Cloud Computing – Threat or Opportunity? Part 2
In Part 1 of this two-part article, I had discussed whether cloud computing is a threat or an opportunity for IT companies (See: Cloud Computing – Threat or Opportunity? Part 1 ). In this concluding part, I discuss the same issue from the IT employee’s point of view.
Let’s start with a real-life example, albeit in a different industry. When Japanese automakers started using robots, there was obviously a drop in employment; one robot, effectively, could do the work of multiple humans. Consequently, there were cost savings and increased quality, leading to demand for Japanese cars spiking across the world.
As a result, the automakers began hiring more people, many of them to control the same robots that replaced human employees. Today, Toyota is the largest car-maker in the world; on the other hand, American car-makers face an uncertain future, and Detroit, once the auto capital of the world, is a dying city. Therefore, as is clearly seen, adopting and adapting new technology paid rich dividends for the likes of Toyota and Honda, and their employees are gainfully employed, unlike those of GM, Ford and Chrysler.
The ability of cloud computing to create jobs goes far beyond direct positions created to work on that technology; the multiplier effect comes into play here (See: The Multiplier Effects of Cloud Computing ). As I had explained in an earlier article (See: How Cloud Computing Can Create Jobs), the very fact that cloud computing improves efficiencies and reduces costs in businesses produces a climate more conducive to economic growth, and ultimately, creation of jobs.
Yes, cloud computing will be a threat to certain IT professionals who refuse to adapt, who refuse to learn. But that is true for almost any profession that has experienced radical change – when railways developed, stagecoach drivers lost jobs; but they could regain employment if they retrained to work on steam engines. In fact, their experience could actually add value over new recruits. In other words, those who manage to convert threats to opportunities will always survive, and in fact, flourish.
In the same way, IT professionals can adapt themselves to satisfy requirements of cloud computing jobs, and it would be easier for them than, say, an electrical engineer. Thus, although in-house IT departments may well decline in size, the slack would be more than taken up by expanding cloud computing companies. That is why, amongst all the industries experiencing phenomenal growth today, cloud computing and nanotechnology are at the top of the list. And understandably so, for they are the industries of the future.
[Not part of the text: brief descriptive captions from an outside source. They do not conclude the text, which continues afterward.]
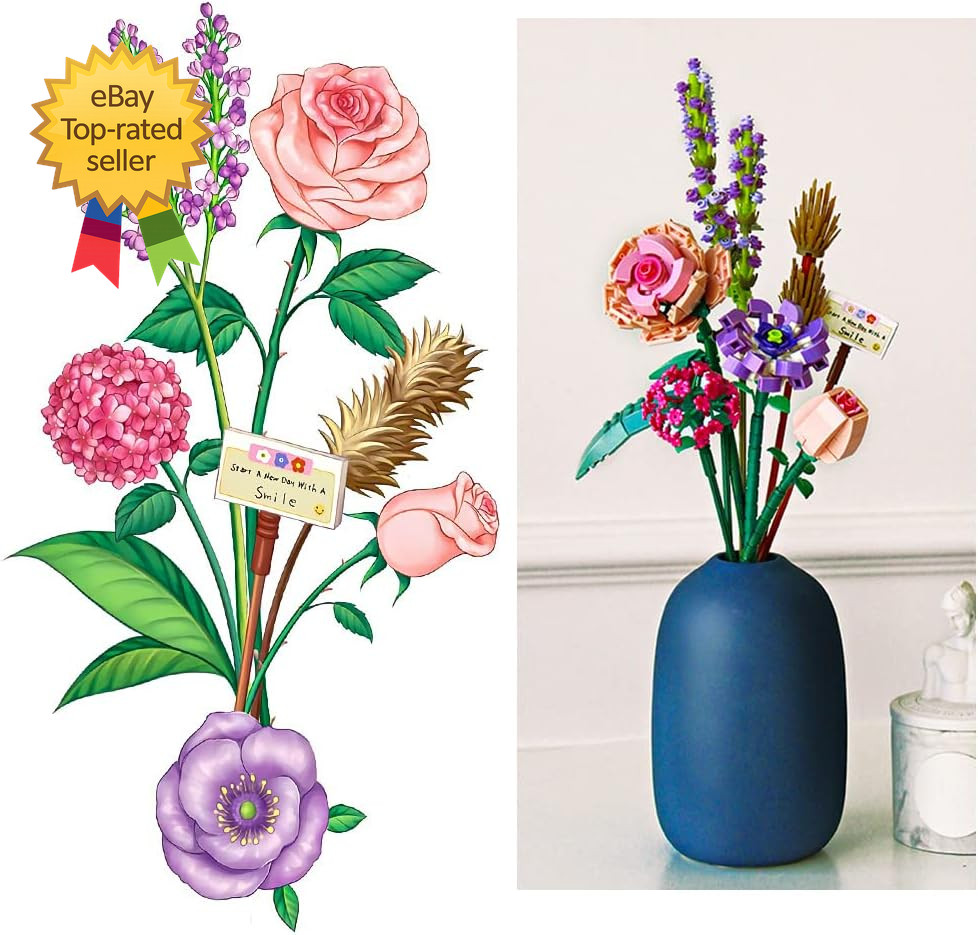 Mini Bricks Flower Bouquet Building Sets Artificial Flowers Decoration Home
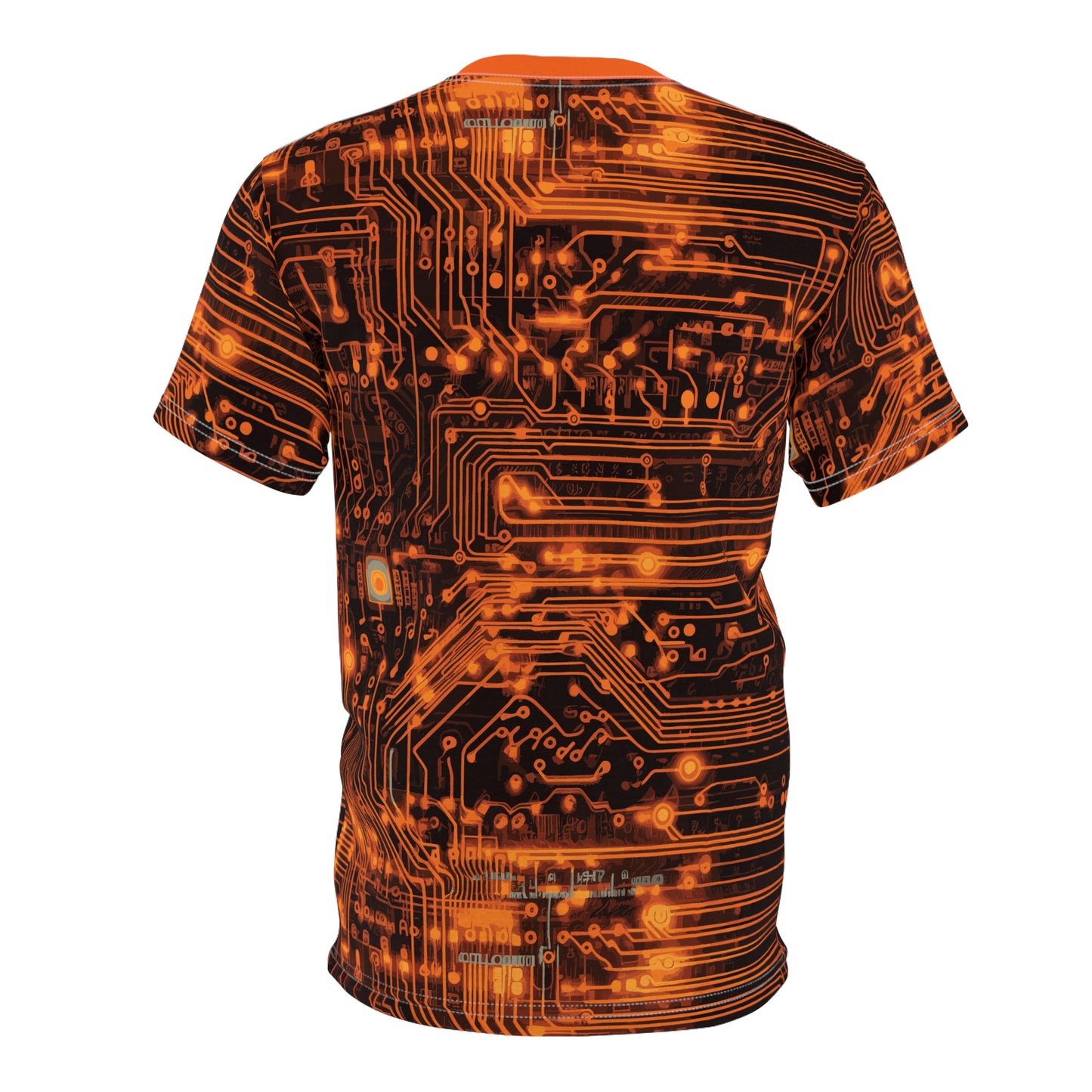 CyberPunk Cybernetic Skull breaking through a Orange Neon Circuit Board Unisex Cut & Sew Tee (AOP) Gifts for her Gifts for Him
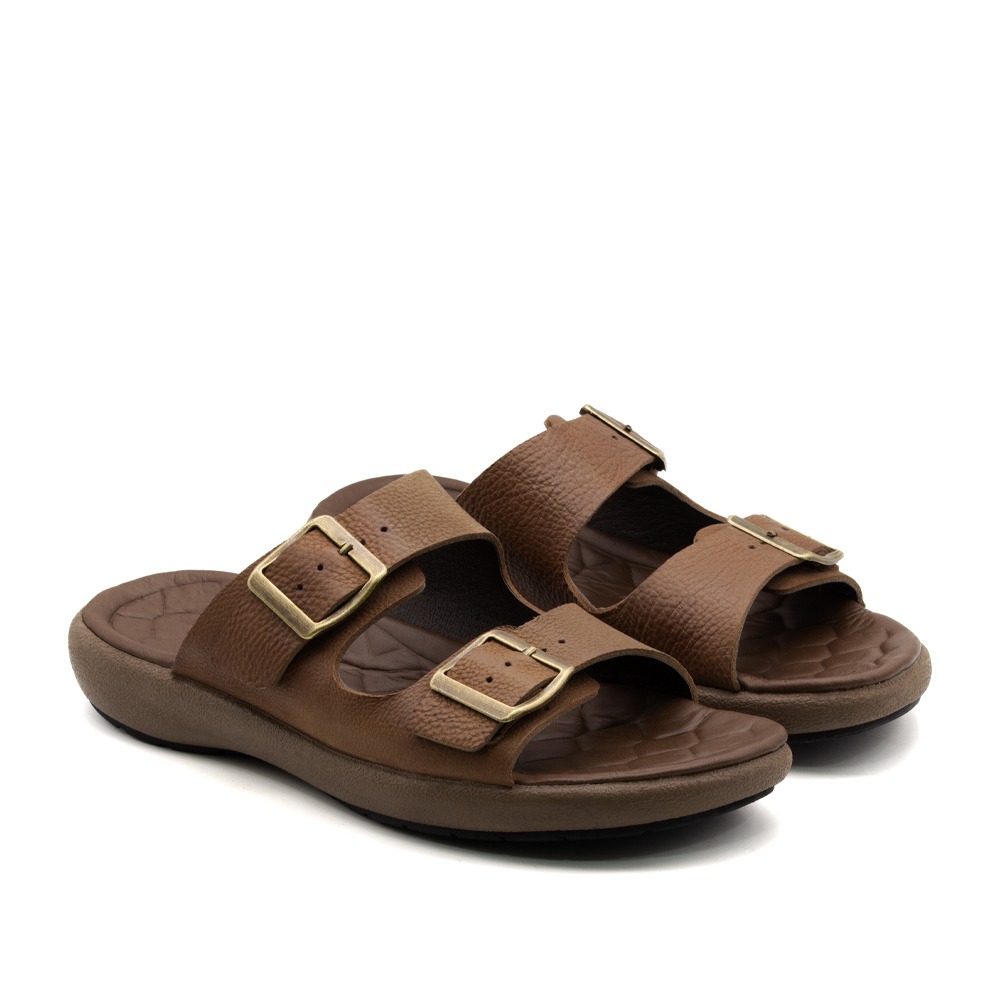 Sandália Masculina Massai em Couro Senna Camel - 5302SC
Pete Drucker, the first management guru in the world, captured this phenomenon very succinctly decades back when many felt that computers would reduce employment, and his thoughts are as relevant today as cloud computing threatens to shake up established norms.
“Few companies that installed computers to reduce the employment of clerks have realized their expectations…. They now need more and more expensive clerks even though they call them ‘operators’ or ‘programmers’.”